Fitch Downgrades Harleysville Debt to ‘BBB’; Assigns ‘A’ IFS Rating

December 8, 2003

Fitch Ratings announced that it has downgraded Harleysville Group Inc.’s (HGIC) long-term and senior debt ratings to ‘BBB’ from ‘BBB+’ and has concurrently removed the ratings from Rating Watch Negative where they were placed on October 28, 2003.

Fitch also said it has assigned an ‘A’ insurer financial strength rating to the insurers that comprise the Harleysville inter-company pool, and assigned a stable outlook.

“Fitch’s rating action reflects HGIC’s recent poor underwriting results which have been outside of Fitch’s expectations,” said the bulletin. “Fitch’s rating actions also reflects concerns about HGIC’s ability to generate run-rate operating profitability that is supportive of the company’s previous ratings.

“The ratings continue to reflect HGIC’s moderate financial leverage, strong risk-based capitalization, and solid relationships with the independent agents that distribute its products,” it continued.
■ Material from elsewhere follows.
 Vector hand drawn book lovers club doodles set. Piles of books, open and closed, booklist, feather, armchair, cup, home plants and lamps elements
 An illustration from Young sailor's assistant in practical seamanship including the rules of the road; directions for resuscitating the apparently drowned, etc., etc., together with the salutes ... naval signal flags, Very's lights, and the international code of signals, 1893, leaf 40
The rating agency indicated that “through the first nine months of 2003, HGIC reported a 119.4 percent statutory basis combined ratio. In comparison, the company’s full-year 2002 combined ratio was 101.9 percent and its five-year average combined ratio through year-end 2002 was 105.2 percent. HGIC’s combined ratio through the first nine months of 2003 includes the impact of $75 million of adverse prior accident year reserve development, primarily in the company’s commercial insurance book. The majority of this development was derived from accident years 1998-2002.”

Fitch noted that HGIC has “implemented rate increases and re-underwritten portions of its book of business in an effort to improve underwriting profitability. ” While it viewed these actions favorably, Fitch said that it “believes that competitive conditions in HGIC’s core small commercial lines market complicate the company’s ability to implement the rate increases necessary to improve underwriting profitability while maintaining retention. In addition, Fitch believes that HGIC’s re-underwriting efforts make it more difficult for the company to lower its expense ratio, which Fitch views as comparatively high for the company’s business mix.”